Try it – Through the line that contains "Detail of grey", return the data below exactly, starting at its first line; leave the rest out.

[Short web captions]

------------------------------------

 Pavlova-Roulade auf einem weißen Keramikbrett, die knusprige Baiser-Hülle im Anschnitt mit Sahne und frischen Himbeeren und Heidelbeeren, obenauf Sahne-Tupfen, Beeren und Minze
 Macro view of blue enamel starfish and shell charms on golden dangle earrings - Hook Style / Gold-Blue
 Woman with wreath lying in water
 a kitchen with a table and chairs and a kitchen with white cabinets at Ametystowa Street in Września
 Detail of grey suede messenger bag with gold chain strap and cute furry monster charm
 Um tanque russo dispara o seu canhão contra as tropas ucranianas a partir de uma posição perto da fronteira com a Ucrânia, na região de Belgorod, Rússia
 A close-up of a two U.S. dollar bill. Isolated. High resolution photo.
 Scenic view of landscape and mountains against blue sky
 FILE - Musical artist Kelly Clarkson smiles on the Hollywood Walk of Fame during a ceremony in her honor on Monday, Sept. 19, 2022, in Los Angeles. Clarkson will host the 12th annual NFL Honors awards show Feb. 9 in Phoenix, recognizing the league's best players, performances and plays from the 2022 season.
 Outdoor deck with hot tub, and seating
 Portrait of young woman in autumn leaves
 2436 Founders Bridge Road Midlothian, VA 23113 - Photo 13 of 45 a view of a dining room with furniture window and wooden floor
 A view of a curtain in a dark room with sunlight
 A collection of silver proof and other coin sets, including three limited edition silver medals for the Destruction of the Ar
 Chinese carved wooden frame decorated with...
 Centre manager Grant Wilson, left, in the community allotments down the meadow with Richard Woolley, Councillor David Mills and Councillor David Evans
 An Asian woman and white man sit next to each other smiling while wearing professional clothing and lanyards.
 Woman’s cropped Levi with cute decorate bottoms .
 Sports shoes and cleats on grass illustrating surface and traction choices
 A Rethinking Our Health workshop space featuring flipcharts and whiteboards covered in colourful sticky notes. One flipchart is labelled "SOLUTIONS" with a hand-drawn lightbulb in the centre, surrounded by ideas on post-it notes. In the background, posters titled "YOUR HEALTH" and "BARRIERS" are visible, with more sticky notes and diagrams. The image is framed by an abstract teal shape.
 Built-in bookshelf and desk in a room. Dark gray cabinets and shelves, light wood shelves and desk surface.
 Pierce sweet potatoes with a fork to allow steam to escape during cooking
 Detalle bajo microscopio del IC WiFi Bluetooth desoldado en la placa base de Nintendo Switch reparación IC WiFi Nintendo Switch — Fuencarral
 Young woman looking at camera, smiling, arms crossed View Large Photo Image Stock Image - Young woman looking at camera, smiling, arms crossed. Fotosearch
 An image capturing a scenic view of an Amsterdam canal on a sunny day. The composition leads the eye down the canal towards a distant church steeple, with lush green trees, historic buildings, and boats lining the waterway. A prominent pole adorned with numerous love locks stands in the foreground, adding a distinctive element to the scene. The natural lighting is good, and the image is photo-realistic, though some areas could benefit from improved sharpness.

------------------------------------

Worked solution –
 Pavlova-Roulade auf einem weißen Keramikbrett, die knusprige Baiser-Hülle im Anschnitt mit Sahne und frischen Himbeeren und Heidelbeeren, obenauf Sahne-Tupfen, Beeren und Minze
 Macro view of blue enamel starfish and shell charms on golden dangle earrings - Hook Style / Gold-Blue
 Woman with wreath lying in water
 a kitchen with a table and chairs and a kitchen with white cabinets at Ametystowa Street in Września
 Detail of grey suede messenger bag with gold chain strap and cute furry monster charm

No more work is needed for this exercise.